Hi, i want to record in MTR without rythm, no drums at all, i haven't found it.


----------



## Descent (Jul 7, 2020)

I have a Boss Micro Br, the one before yours.
4 tracks, 1 condenser mic:
https://www.boss.info/us/products/micro_br/

it works great for what it is.

I can't seem to program drums on it to save my life. Did try at some point but once I reboot I lose the tempo and it doesn't sync unless I chain it as a song or something.

I use it mainly as idea creation, rehearsal recording, practice tool.

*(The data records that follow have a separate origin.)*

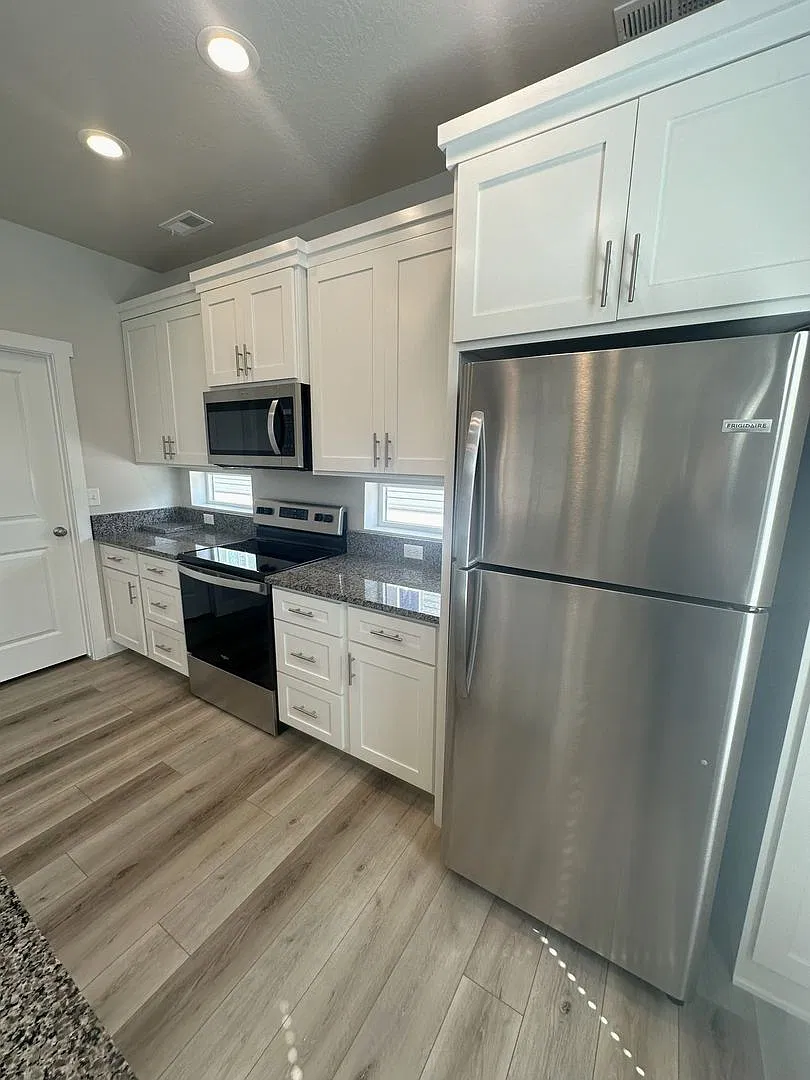 A 2 Bed, 2.5 Bath Deal That's Unboo-Lievable! Clearfield + 2 Weeks Free! — Photo 2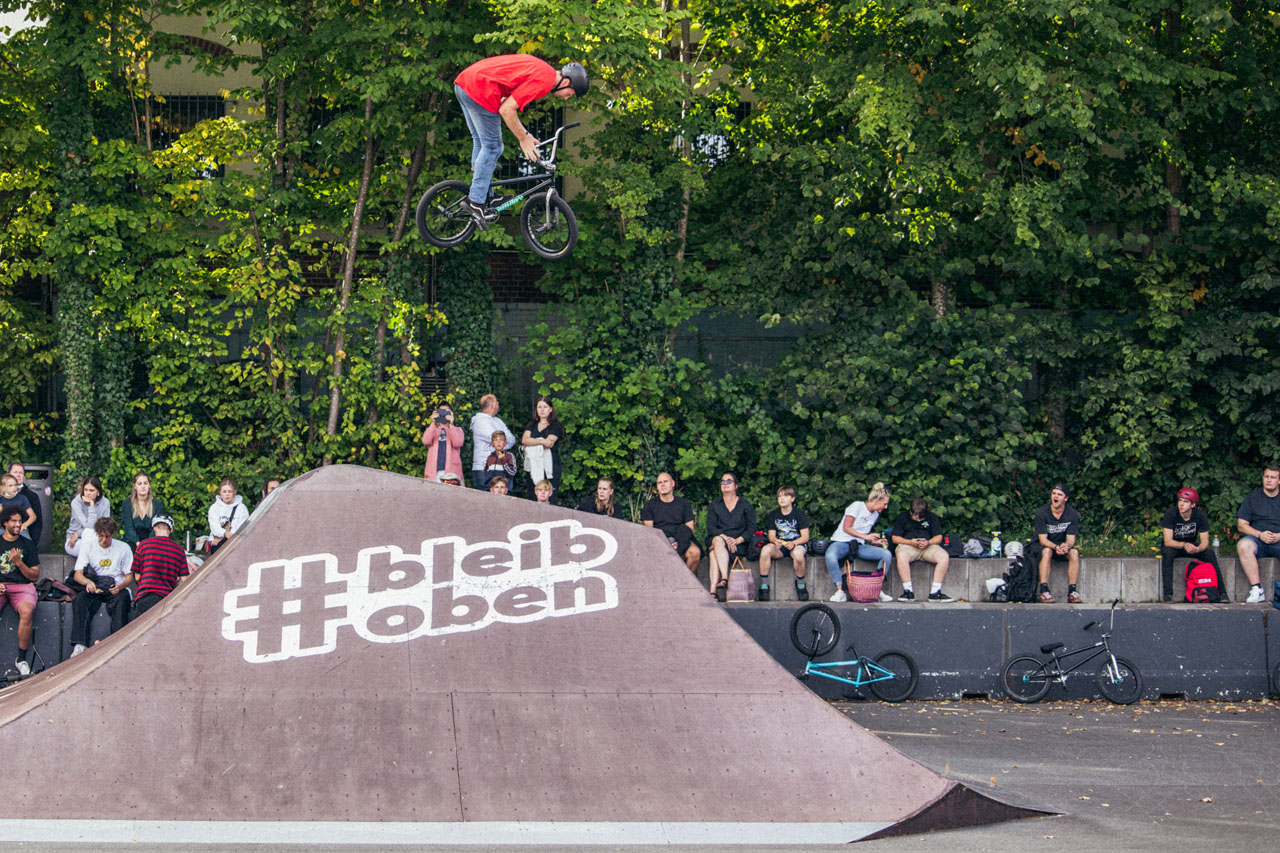 Vincent Unrath mit einem Truckdriver über die Jumpbox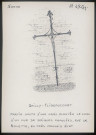 Sailly-Flibeaucourt : partie haute d'une croix plantée le long d'un mur de briques - (Reproduction interdite sans autorisation - © Claude Piette)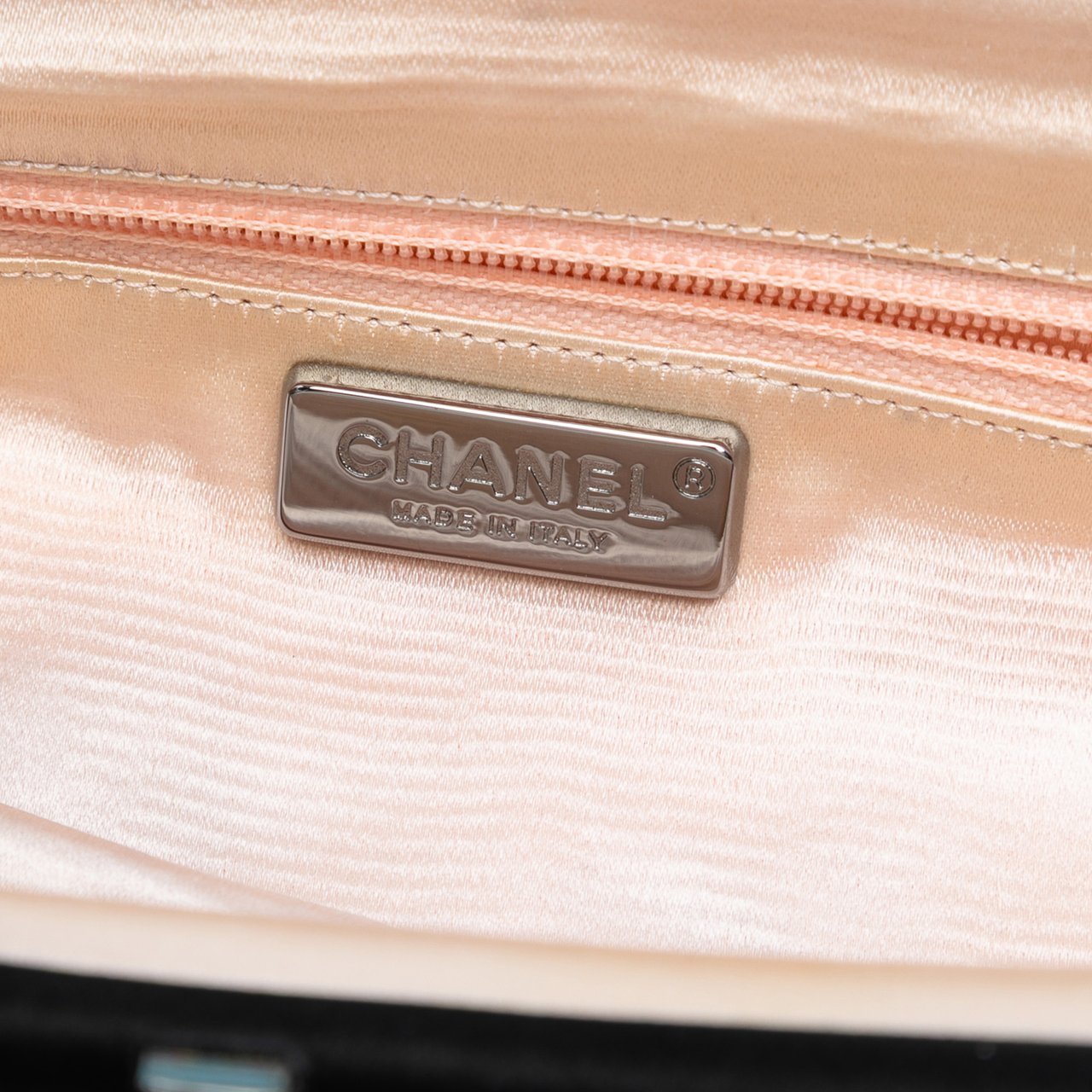 Chanel CC Pleated Satin Frame Evening Clutch Zwart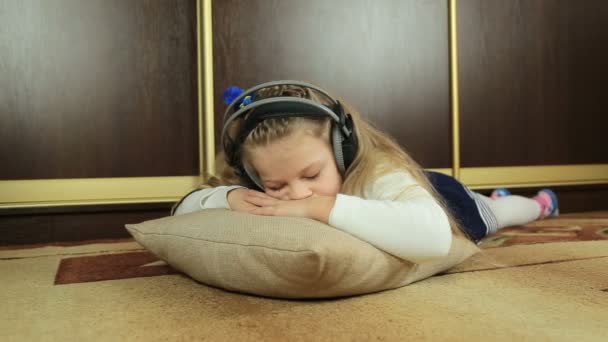 Bambina che dorme sul pavimento — Video Stock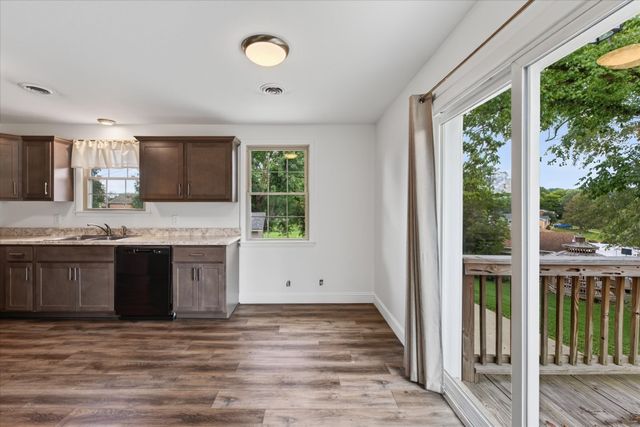 309 Dunbar Cave Rd, Clarksville, TN 37043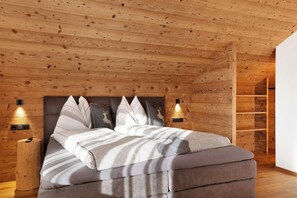 3 dormitorios, tabla de planchar con plancha, wifi gratis y ropa de cama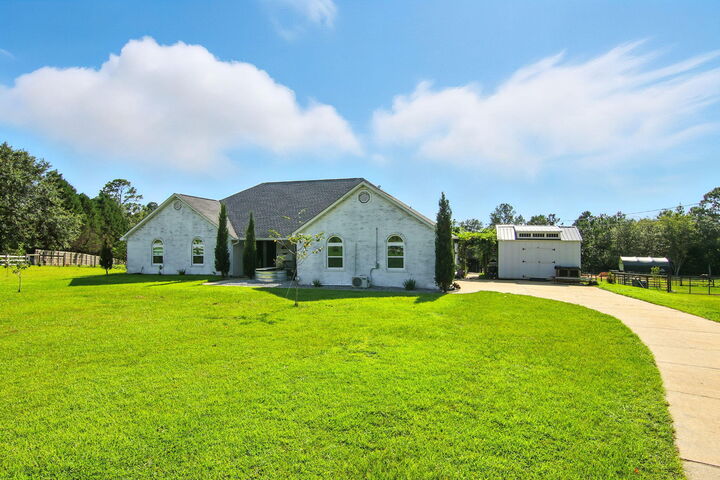 Property Photo:  861 Molino Meadows Court  FL 32577 
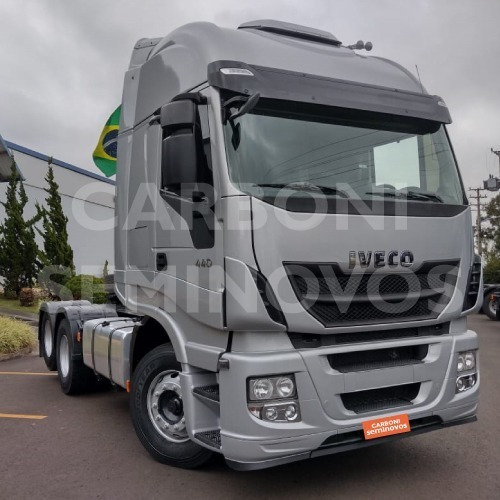 Imagem 2 de 10 de Iveco Hi Way 600s44 6x2, Ano 2018/2019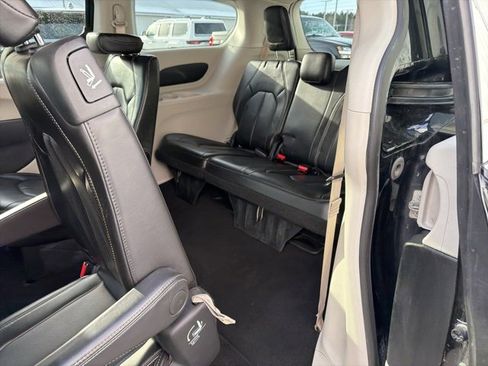 Used 2020 Chrysler Voyager Lxi image 28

Used the slow down on it to learn some music for a band I was auditioning, that works really good.
Most of the editing I do outside, but usually it starts me on a song and then I move it to the DAW. Great little unit, could've been a little easier on quite a few things, but it does what I want it to.


----------



## Dell (Sep 26, 2021)

bostjan said:


> Anyone else have one of these gadgets? (Micro BR-80?)


There is a fault with the BR-80- If you are recording guitar on say Track 3 and wish to record another take, then it switches to STEREO recording on tracks 2&3 for the next take, overwriting whatever you might have recorded on track 2. It can have disastrous consequences!


----------



## bostjan (Sep 27, 2021)

Dell said:


> There is a fault with the BR-80- If you are recording guitar on say Track 3 and wish to record another take, then it switches to STEREO recording on tracks 2&3 for the next take, overwriting whatever you might have recorded on track 2. It can have disastrous consequences!


Mine's never done that. Maybe your unit has an issue?


----------